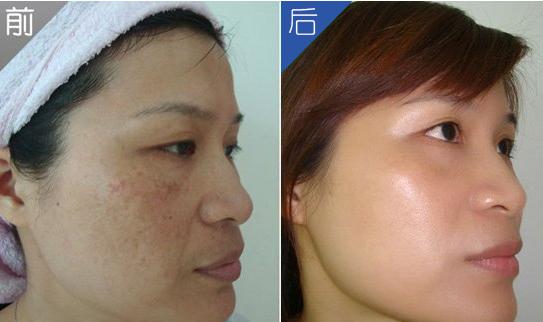 脸上长褐斑怎么快速消除,脸上大片褐斑怎么祛除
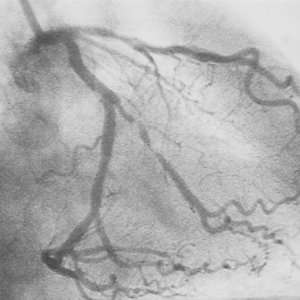  Angiogram LC Artery High Grade Stenosis in 1st Om 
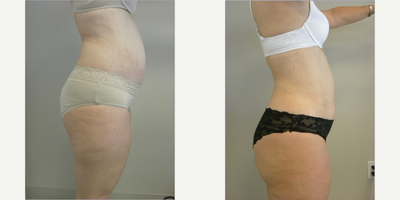 Liposuction before and after photo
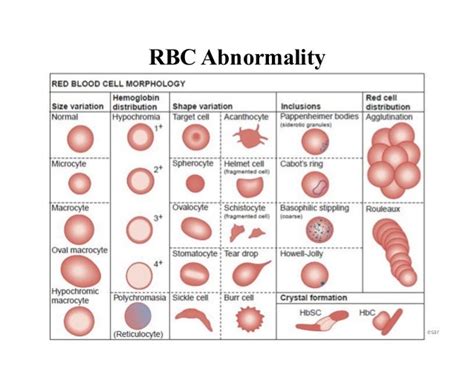 Blood film preparation and reporting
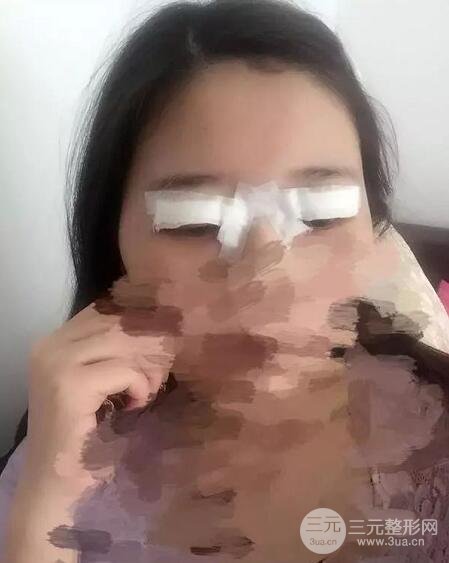 新星靚劉風卓眼修復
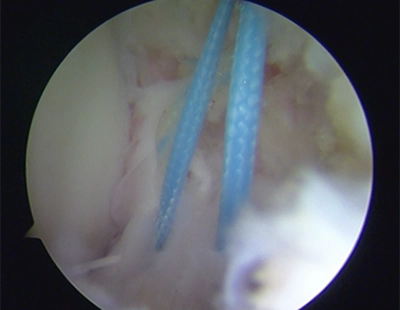 腓骨にアンカー（糸のついたビス）を挿入し、糸を剥がれた前距腓靭帯に通しているところ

Problem requirements:
Please retype the entries above word for word, but only from the line containing "preparation and reporting" through the last line, and without the pictures.

Result:
 Blood film preparation and reporting
 新星靚劉風卓眼修復
 腓骨にアンカー（糸のついたビス）を挿入し、糸を剥がれた前距腓靭帯に通しているところ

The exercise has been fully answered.